Agreed. @rcosentino if it's true that you assembled these reads into a genome, and then re-aligned the same reads to that genome as reference and called variants, then the only two possibilities should be:
(1) homozygous allele: shows up as reference call when realigned to own assembly
(2) heterozygous allele: shows up as heterozygous variant call when realigned to own assembly
How are there no "reference" (present in assembly) alleles present at your variant calls? It seems impossible that these reads are aligned to their own genome assembly, outside of alignment issues. For each of these positions, shouldn't the allele present in the reference just be the "alternate" allele that freebayes calls?
Thanks for your answers @nh13 and @pjedge . I posted an issue on the freebayes site (freebayes/freebayes#374). About your questions @pjedge , I am not sure If I understood them ... the VCF file does has alleles for REF in every variant call ... Could it be that you looked at the wrong column (the previos column (ID column) is the one that has missing values, '.') or did I misunderstood the question?

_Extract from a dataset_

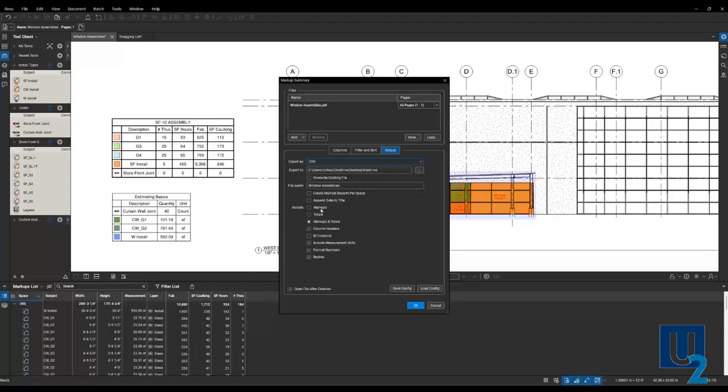The major ones I want to point out when you're exporting to a CSV, so an Excel file, is we can include markups, which is going to give us each individual markup, each line item.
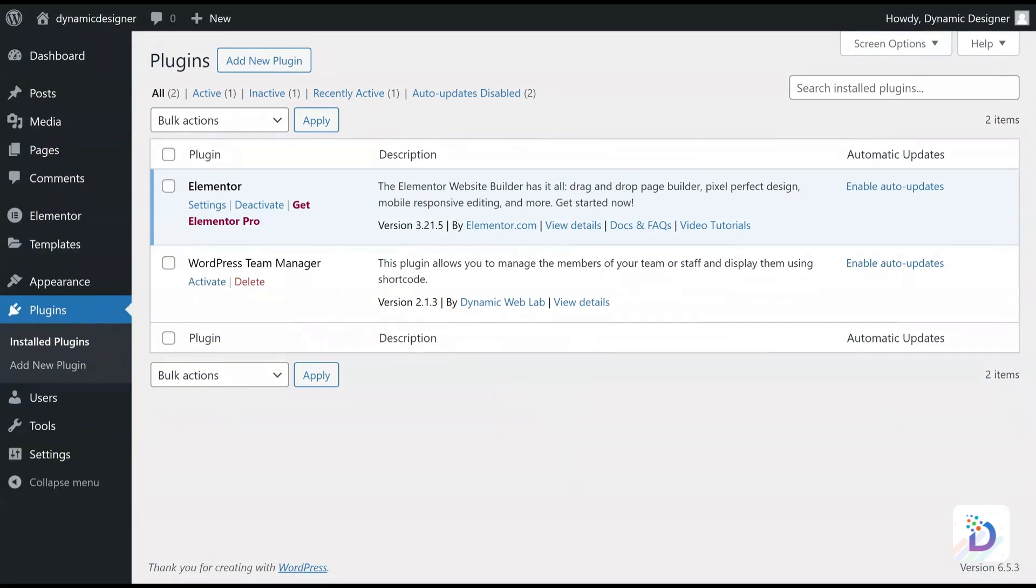Here you can see the WordPress Team Manager plugin is listed. To activate, click on the Activate option.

If you look at the AD field (third field in the last column), I'm mostly seeing things like 0,34 -- this means 0 reference, 34 alternate.
Also, it's strange to me that despite those allele counts, the calls are 0/0. Although I suppose the qualities are very low.
Yes, something is wrong, probably my mistake, but I don't know what and how to fix it, let see if the people from freebayes give me some hints.
Out of topic, what do the values in the ".htrans_model" output file represent?